Oscars 2017

Loser: The Oscar Producers

For years, the Academy Awards ceremony has been called bloated and out-of-touch and agonizing to watch…and for years, everyone has been right on the money. Rather than just hand out of the awards and let everyone go home in 90 minutes, the Oscars continue to insist on being a four-hour spectacle and you could feel every single second of last night’s painful ceremony. Even after abruptly cutting the individual Best Picture nominee presentations (only Hacksaw Ridge got its montage), the show still lumbered like a drunken behemoth: aimless, slow, without purpose or direction. Even when individual segments or montages worked in a vacuum, their very inclusion felt like padding on someone already wearing six layers. Let’s just get on with it! There was nothing cinematic or exciting about this year’s ceremony…until that final Best Picture mistake, something that the producers could have never planned or plotted themselves.

Winner: Those Inspiration Duos

While the show itself was as dull and slow as ever, some of those segments were genuinely fun on their own when removed from the context of the overly long broadcast.
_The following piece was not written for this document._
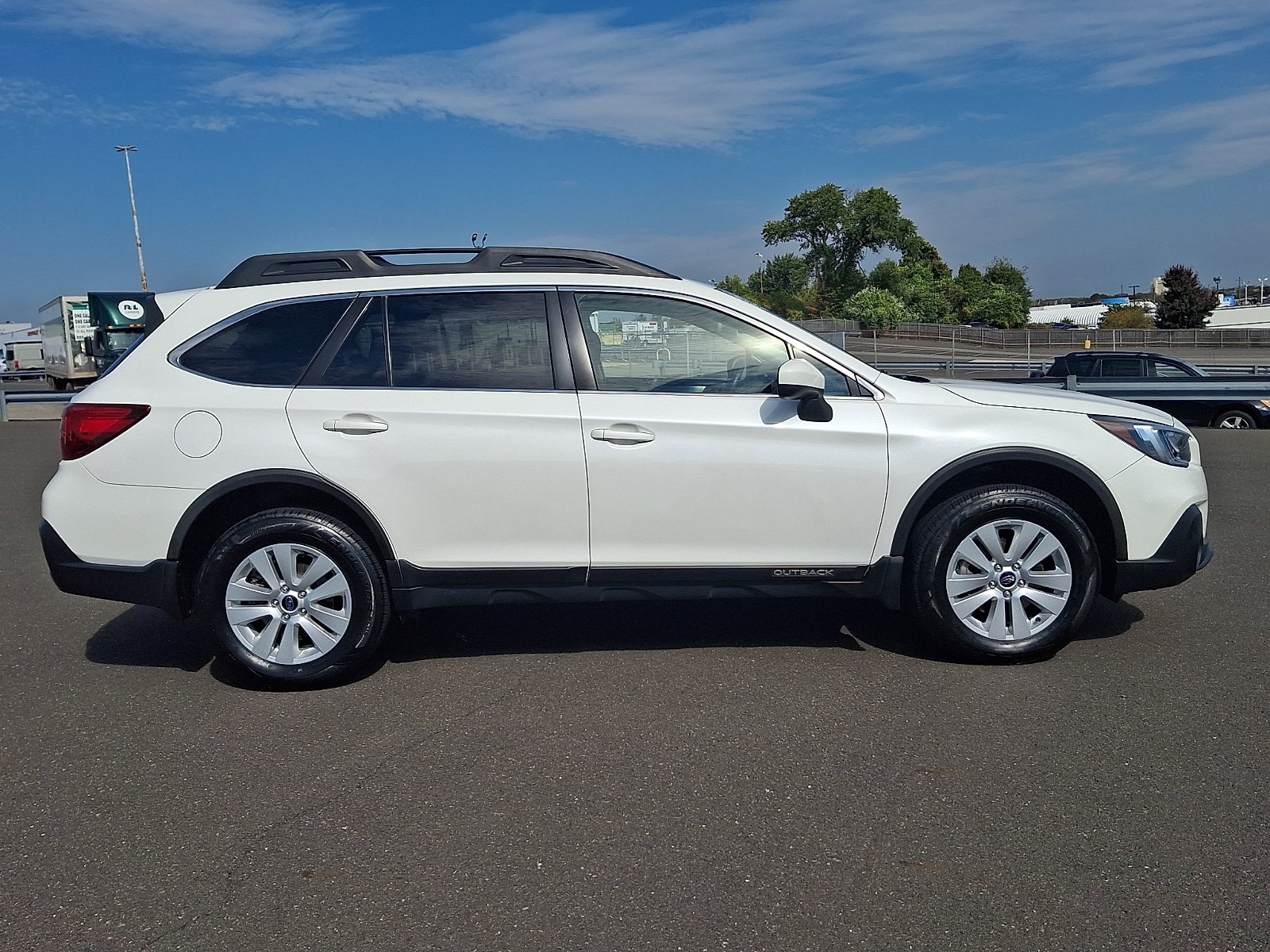 Used 2019 Subaru Outback 2.5i Premium w/ Protection Package #1 AWD/4WD image 7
The three “inspiration” segments, where one actor spoke about the performer who inspired them, only for both to take the stage to present an award together, were sweet and delightful. Watching Charlize Theron express her good taste for loving The Apartment, only to walk on stage with Shirley MacLaine, was a nice moment. As was Javier Bardem paying tribute to Meryl Streep. The best of the bunch was Seth Rogen being obviously overwhelmed to be sharing the same space as Michael J. Fox, a bit that also allowed him to step out of a DeLorean and sing some Hamilton in front of Lin-Manuel Miranda.

2017 PGA Awards Winners

Loser: La La Land

When is one of the most nominated movies in Oscar history a loser? When it doesn’t even come close to winning as many Oscars as everyone expected. Damien Chazelle’s La La Land won more awards than any other film last night, walking out with six wins (including Best Director and Best Actress for Emma Stone), but it was nominated for 14 and everyone expected a massive sweep. On one level, it’s good that a full sweep didn’t happen – it would have made an already boring show all the more boring. On another, it felt like the ill-conceived backlash that has been building against the film for the past few months actually took its toll. “Loser” may be a harsh word to describe what happened to La La Land last night, but it certainly wasn’t the big winner of the night…and everything suggested that it should have been. To make matters worse, it will now always be the movie that was incorrectly announced as Best Picture. Always.

Winner: Jordan Horowitz

In the midst of the most harrowing and bizarre moment in Oscars history, La La Land producer Jordan Horowitz displayed tact, grace, dignity, and bravery in the face of utter humiliation. Informed on stage that La La Land did not actually win Best Picture and that the entire team was on the stage due to a horrible error in envelope mishandling, Horowitz did not flee the stage. Instead, he held his ground, calmly informed the audience of what happened, and graciously handed his Oscar over to the producers of Moonlight. You can take the full measure of a person by looking at how they handle their lowest moment and Mr. Horowitz experienced emotional whiplash unlike anything ever seen at an awards ceremony. He made a brutal moment into something beautiful.

Trevante Rhodes in Moonlight

Winner: Moonlight

It’s not common for a very small, very intimate movie to win Best Picture at the Academy Awards. And until Moonlight won a surprise victory last night, it was impossible to imagine a drama about a young, gay, black man struggling with his identity actually taking home the film industry’s highest honor. The La La Land fiasco is going to grab all of the headlines, but the real story here is that a masterpiece of empathy and perspective and humanity took home an extraordinary honor. This is a victory for films by, for and about people of color. This is a victory for films by, for and about the LGBTQ community. Hell, this is a victory for great movies. If Moonlight, one of 2016’s most powerful and personal experiences, can win so big in such a major spotlight, then we’re all in a good place.